Attacco a New York

Ritorna il terrore: sedici anni dopo le Torri Gemelle

Era da settembre del 2001 che la città non veniva colpita con un attentato

Ritorna il terrore: sedici anni dopo le Torri Gemelle

A volte ritornano. E anche se è successo la sera di Halloween non è esattamente un sortilegio. É quello che l'Isis sconfitto da Mosul a Raqqa andava promettendo da tempo. Aveva incominciato a farlo nel numero tre di Rumiyah, la sua rivista online pubblicata nel novembre di un anno fa. In quel numero lo Stato Islamico prefigurava una strage messa a segno da un furgone mandato a schiantarsi contro la parata dei grandi magazzini Macy's, la manifestazione icona del giorno del ringraziamento nella Grande Mela. La sfilata che richiama ogni 23 novembre decine di migliaia di turisti. Al di là delle analogie quello che contava per l'Isis era colpire al cuore l'America. Lo si era capito subito dopo la terribile strage al concerto di Las Vegas del 2 ottobre quando il Califfato sconfitto aveva fatto di tutto per accreditarsi la paternità del massacro indicando come un proprio adepto l'autore della folle mattanza.
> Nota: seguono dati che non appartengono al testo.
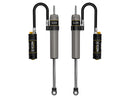 ICON 2022+ Toyota Tundra 0-1in Rear 2.5 Series Shocks VS CDCV RR - Pair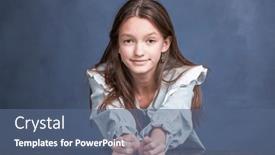  Presentation with teen - 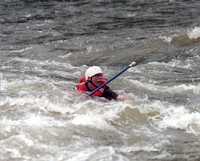 The "lost" rafter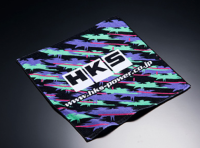 HKS 51007-AK227 HKS HKS OILCOLOR HAND TOWEL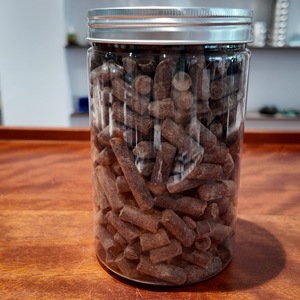 Granulés de coque de noix de cajou à bas prix, combustible biomasse, combustible renouvelable, économie de coûts pour les chaudières industrielles et les systèmes énergétiques - Product Image 4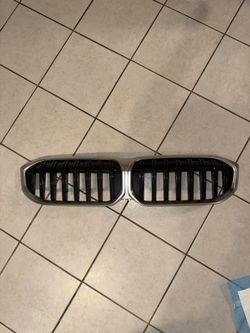 BMW G20 Grill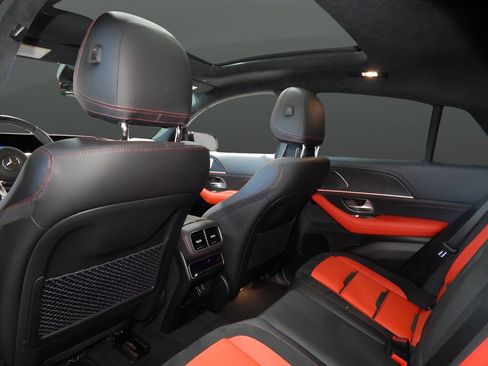 Used 2022 Mercedes-Benz GLE 63 AMG S image 27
Ma New York, la città dell'11 settembre, il simbolo della Grande Mela, è un obbiettivo ancora più simbolico. Colpire lì significa colpire la città più protetta del mondo, significa farsi beffe dei sistemi di sicurezza della più grande potenza globale, significa violare l'intimità e l'essenza del più grande nemico. Ma significa soprattutto essere ancora vivi. Significa comunicare ai fedeli di tutto il mondo che le disfatte subite sul terreno non hanno ancora cancellato le «bandiere nere», che il proprio simbolo è ancora in grado di far paura e di attrarre fedeli pronti a sacrificarsi per esso. Nessuno s'illudeva che la riconquista delle capitali del Califfato potessero coincidere con la fine del terrorismo.
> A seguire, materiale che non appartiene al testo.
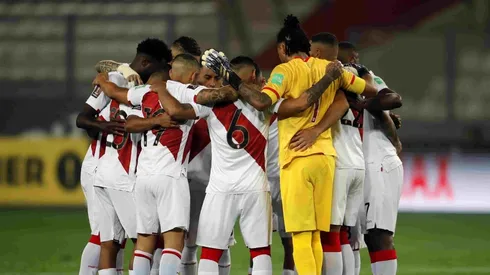 ¡Prepara la agenda! Los horarios en que Perú jugará ante Bolivia y Venezuela por Eliminatorias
In questi 16 anni lo stragismo jihadista è sopravvissuto al crollo dei talebani in Afghanistan, ai duri colpi infertigli in Iraq grazie dal generale David Petraeus e infine alla morte del fondatore di Al Qaeda Osama Bin Laden. Pensare che per chiudere la partita bastasse radere al suolo Raqqa e Mosul era un'illusione. La guerra al terrorismo è una guerra di lunghissima durata ancora tutta da vincere non solo nei deserti dell'Iraq, della Siria e dell'Afghanistan, ma anche nel Maghreb, in Africa e nelle Filippine. E non solo. Per quel che riguarda noi europei e l'America la partita più importante si gioca nelle periferie delle nostre città e in seno a quelle comunità musulmane dove una cultura e un culto dell'odio alimentano le imprese dei lupi solitari. Senza dimenticare le migliaia di terroristi di ritorno che dopo aver combattuto nei territori del Califfato si preparano a riprender servizio all'interno dei nostri confini.

In questo molto spesso l'Occidente stenta a trovare la compattezza necessaria ad arginare il pericolo. La disinvolta disattenzione con cui i giganti del web hanno per anni ospitato la propaganda dell'Isis è la dimostrazione di quanto l'Europa, ma anche l'America stentino a comprendere la pericolosità del nemico. Ma per l'America il colpo subito ieri rischia di essere più doloroso. Mai nei 16 anni seguiti all'11 settembre il gigante statunitense è stato così diviso. Mai una campagna di stampa, feroce come quella che solo i media statunitensi sanno lanciare e condurre, ha contribuito a denigrare l'autorità di una presidenza chiamata nei momenti difficili a diventare il sostegno e l'ancora del paese.

Una presidenza accusata con troppa fretta di flirtare con l'avversario russo quando l'unico vero nemico capace di colpire al cuore l'America resta quello islamista.